For this workshop young people from Leith Academy worked as a team of architects on designing and constructing a temporary structure / lodge to function as a study/meeting place within the Rhubaba that could potentially be re-constructed in the disused space at the back of the library so as to provide them with a common room. Emma Wood (Collective Architecture, Glasgow) acted as an advisor with Lucy Pawlak and members of the Rhubaba committee assisting.
As part of the session community based projects involving modification, reconstruction and redesign of pre-existing spaces were discussed (incl Hans Rucker Co, Michael Rakowitz, Assemble/ Folly For a Flyover, Recitas Urbanas / Santiago Cirugeda, Krjin De Koning)
See The Heidelberg Project, Detroit, on Google maps here
“If we accept that society is made and imagined then we can also believe that it can be remade and reimagined”
David Harvey, Spaces of Hope.
Magic Hour #004
a workshop with with Luke Williams.
Public space is only as interesting as the characters who populate it. And how public is public space, really? How much of an imprint is left upon it by the people who use it? What do the spaces we move through tell us about the people we pass? These are just some of the questions we might come up with on our collaborative writing workshop.
Stand with us as we look around at this space we’ve created together. A space we’ve imagined and peopled with a mob of characters or Points Of View. It’s not so much ‘public’ as ours.
Luke Williams is a writer based in London and Edinburgh. His first novel, The Echo Chamber, was published in 2011 and won the Saltire First Book Award. Luke’s practice is research-based and seeks, via collaborative practice and the use of formal constraints, to explore the gap between history and story. With his primary collaborator, the writer Natasha Soobramanien, Luke is currently working on a hybrid fiction based on the island of Diego Garcia.

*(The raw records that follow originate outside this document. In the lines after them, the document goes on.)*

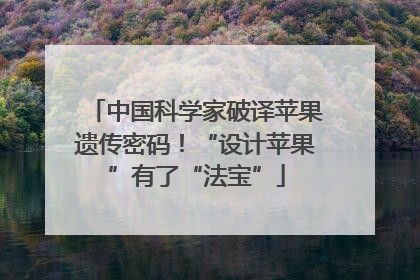 中国科学家破译苹果遗传密码！“设计苹果”有了“法宝”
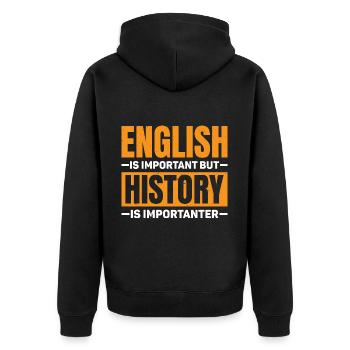 English Is Important But History Is Importanter 10 - Unisex Premium Bio Zip Hoodie - Schwarz - Hinten - Nico (187cm)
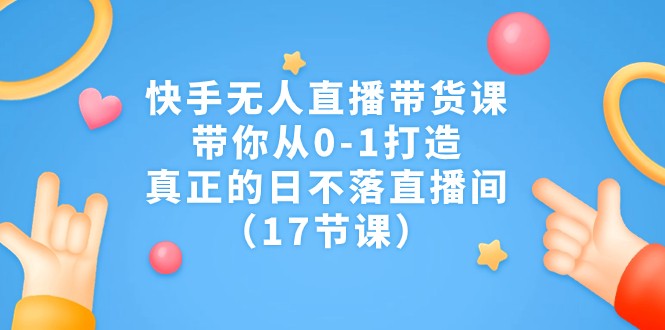 fy1478期-快手无人直播带货课，带你从0-1打造，真正的日不落直播间（17节课）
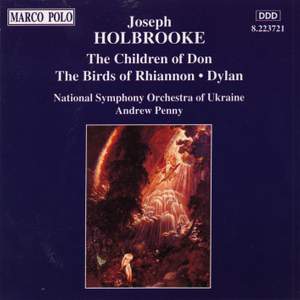 Joseph Holbrooke: Orchestral Works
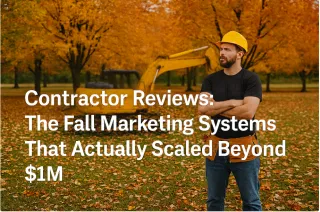 The Fall Marketing Systems For Contractors That Actually Scaled Beyond $1M
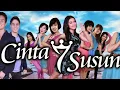 Lagu CINTA 7 SUSUN EPISODE 12 \u0026 13 (7ICONS) 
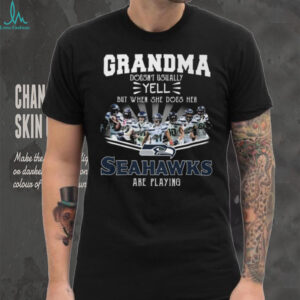 Grandma Doesn't Usually Yell Seattle Seahawks Game Day T Shirt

You can download an edited version of some of the writing generated from this workshop here.
Magic Hour #005
A group of cyclists visiting the space provided and opportunity to explore strategies and structures for collective musical improvisation (with or without a conductor?).
Golden Hour #003
A floating meeting in an offsite location with the Rhubaba Committee, including reading a poem while treading water, sweet singing and making moves / landscaping on a hill.
Magic Hour #006
Catriona is an actor and physical performer based in Cardiff, with a particular interest in devised work and cabaret. Recent work includes outdoor site-specific dance projects with Constanza Macras DorkyPark in Berlin, and National Theatre Wales in North Wales. Please see www.catrionajames.com for full credits and up-to-date news.
In Pawlak’s film, a prodigal son returns to his family home, a strange ingrown world deep inside the forest. He intends to train his relations to become actors according to his method. As the program unfolds his obfuscation of the line between fantasy and reality rises alongside his obsession with the “Hero’s Quest”, Hollywood’s standard narrative arc.
The structural principles of this monomyth are chewed up and regurgitated in this blackly comic look at roles and patterns within the family and society. The film employs various forms of improvisation around frameworks and reflects upon the potential for autonomy within structure. Masks are worn for the duration allowing for performers to switch between roles.
The Inspection House (training for the family in how to act) features The Samsonov Film and Theatre Co-Operative: Joaquin Del Paso, Catriona James, Adrian Gillott, Almira Bekkulova, Francis Moore, Tato Kotetishvili, Susan Pawlak, Gabriela Kite, Fredrik Olssen, Lucy Pawlak, Irek Grzyb and Maria Czechowska. Duration: 90 minutes.